**TASK DESCRIPTION**
From the listing below, copy only the lines from the line that contains "محمد عثمان بدر" to the line that contains "野生的最终BOSS出现了,野生的大魔王出现了,动画,动漫,番剧,ACG", counting those two lines as part of the copy.

**SOURCE DATA**

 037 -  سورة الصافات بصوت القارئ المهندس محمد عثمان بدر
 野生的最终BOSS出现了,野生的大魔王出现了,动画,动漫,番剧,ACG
==
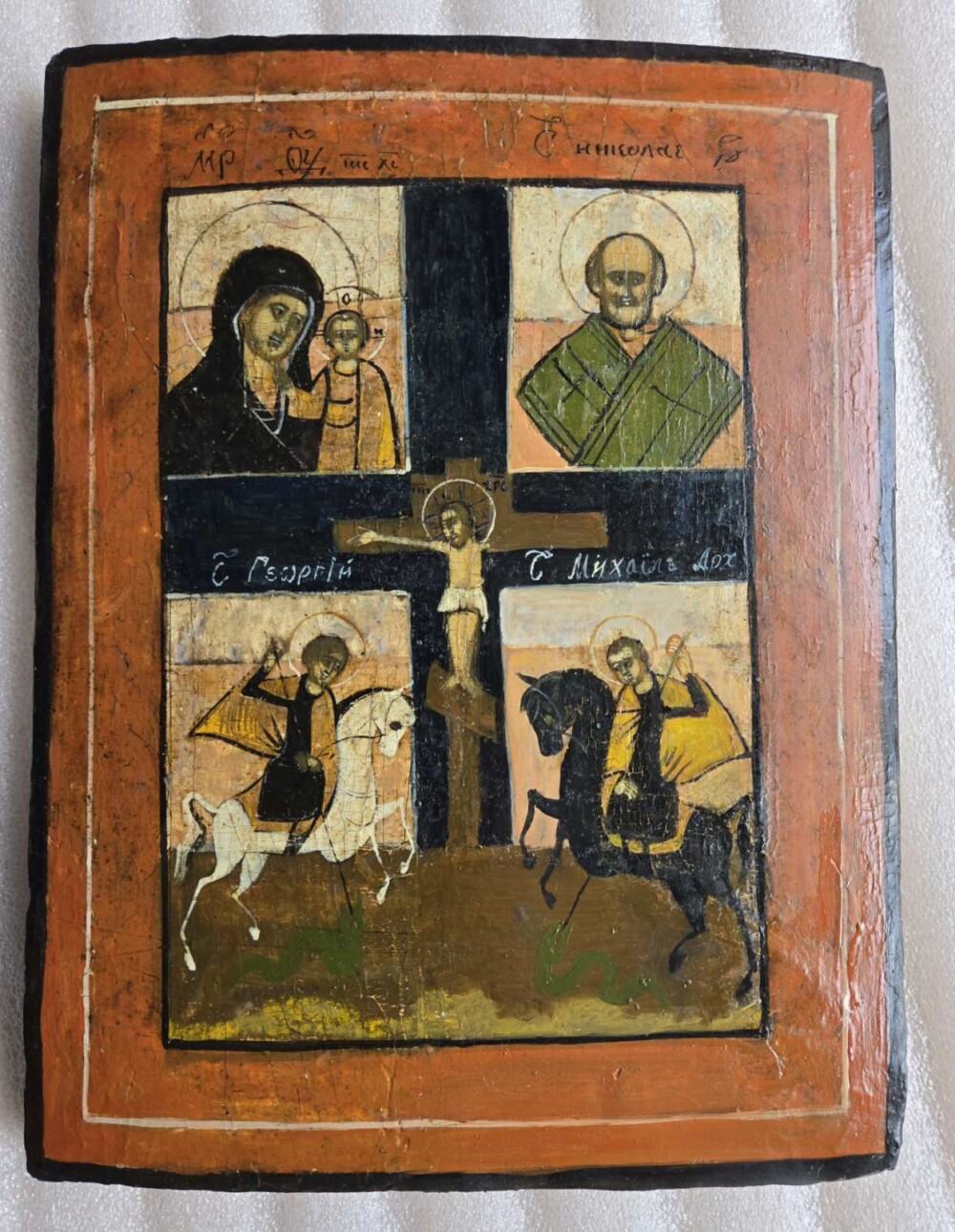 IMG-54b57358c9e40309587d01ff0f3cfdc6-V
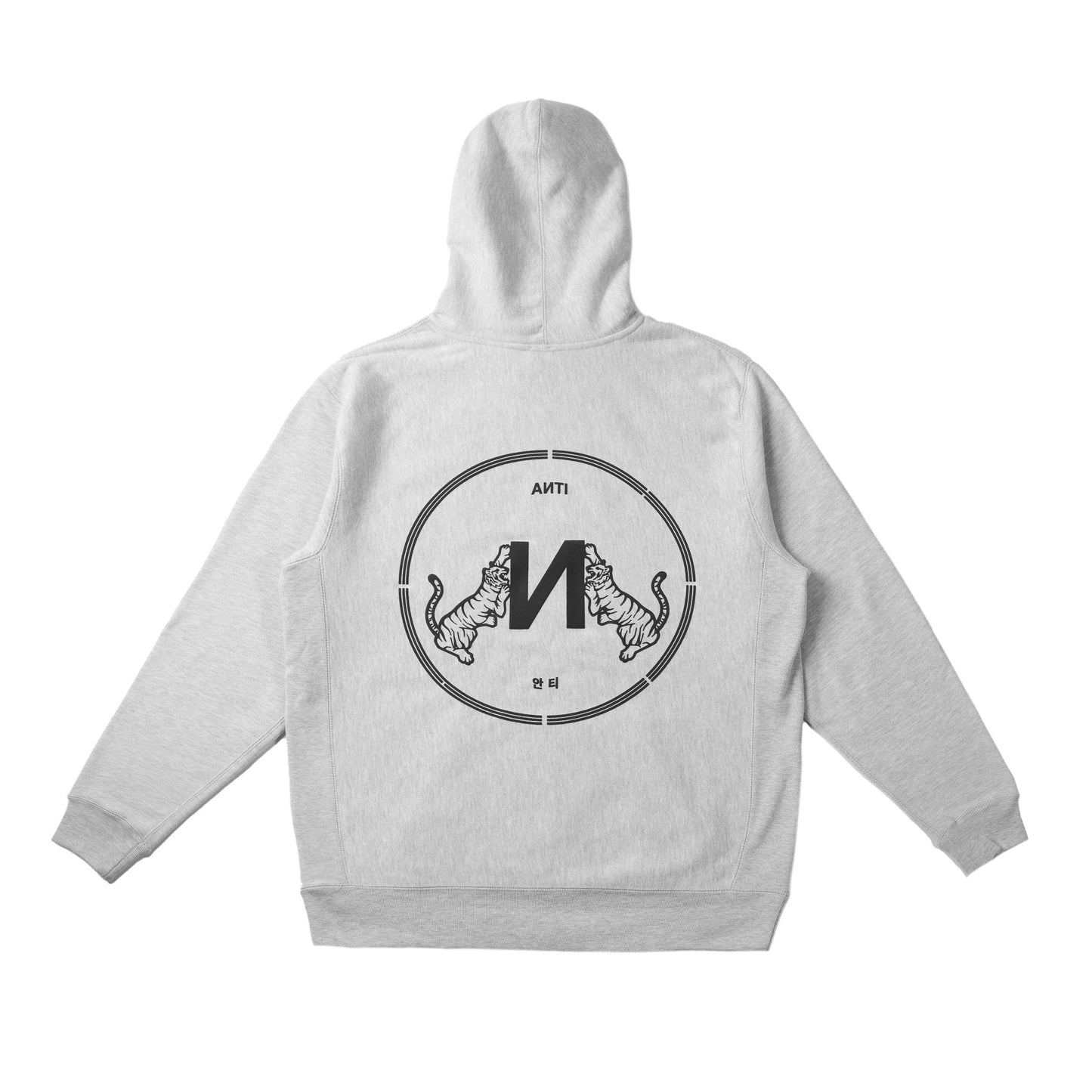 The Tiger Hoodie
==
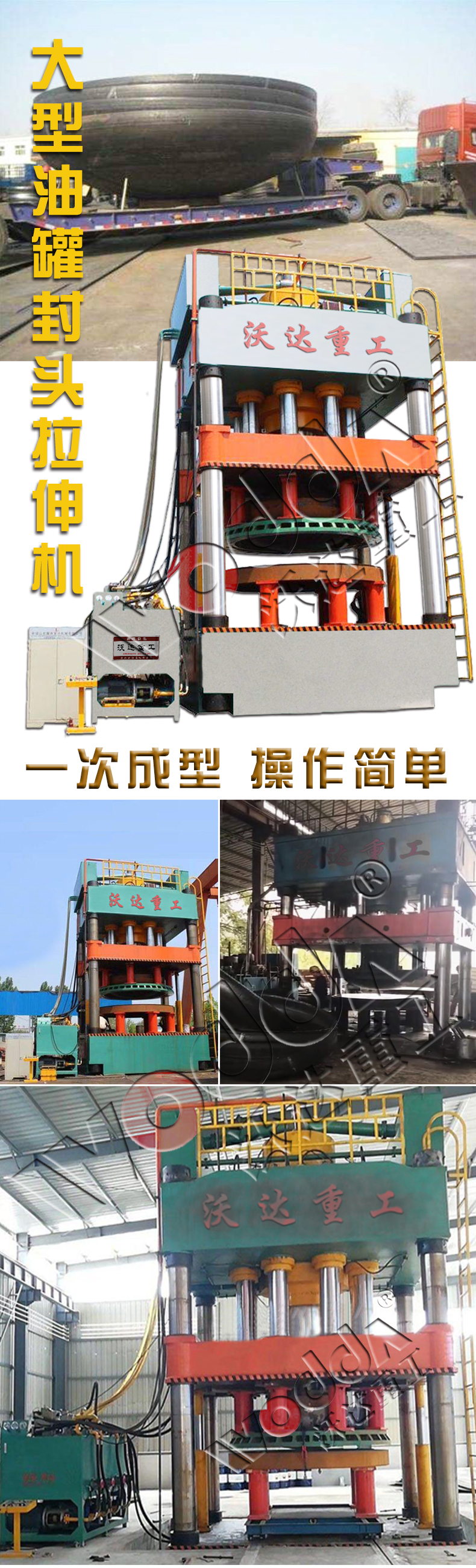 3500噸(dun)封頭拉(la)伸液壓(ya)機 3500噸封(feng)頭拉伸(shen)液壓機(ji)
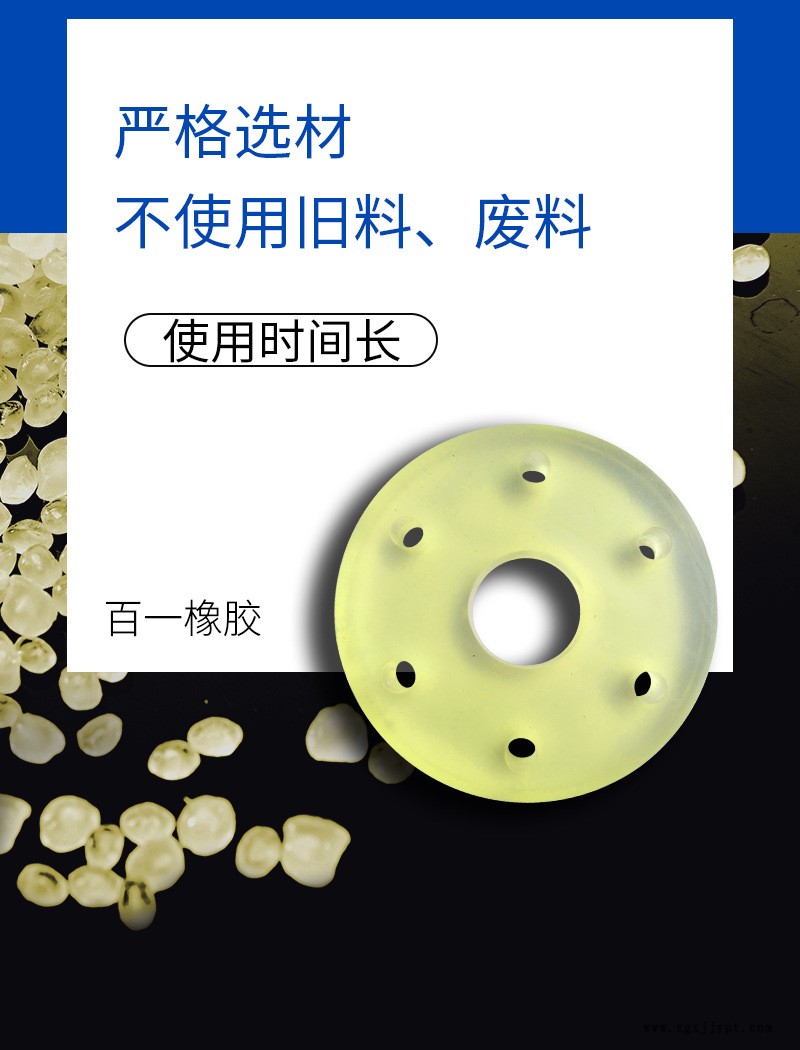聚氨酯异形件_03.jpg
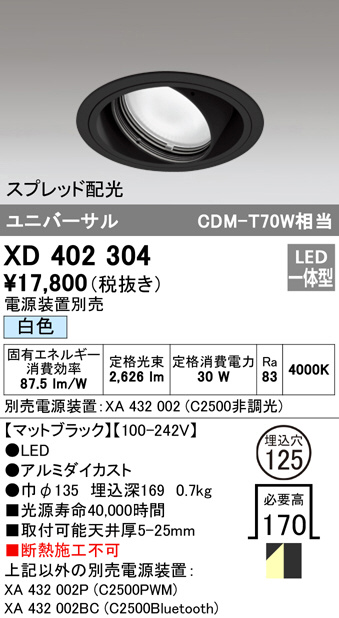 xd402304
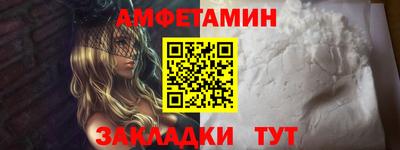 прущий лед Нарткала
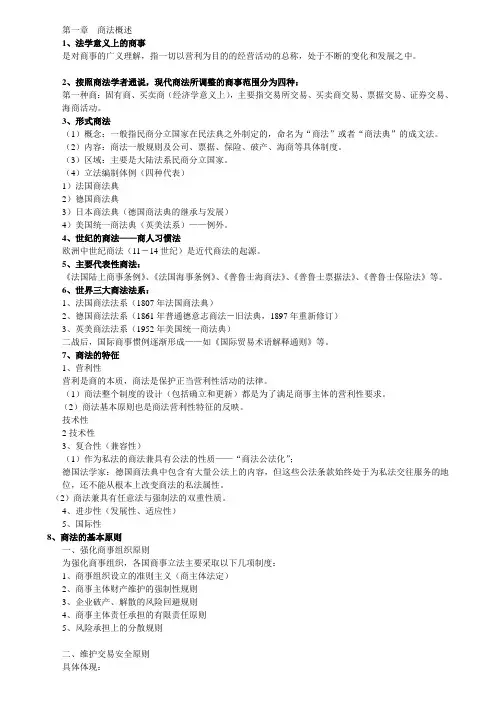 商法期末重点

**SOLUTION BELOW**
 037 -  سورة الصافات بصوت القارئ المهندس محمد عثمان بدر
 野生的最终BOSS出现了,野生的大魔王出现了,动画,动漫,番剧,ACG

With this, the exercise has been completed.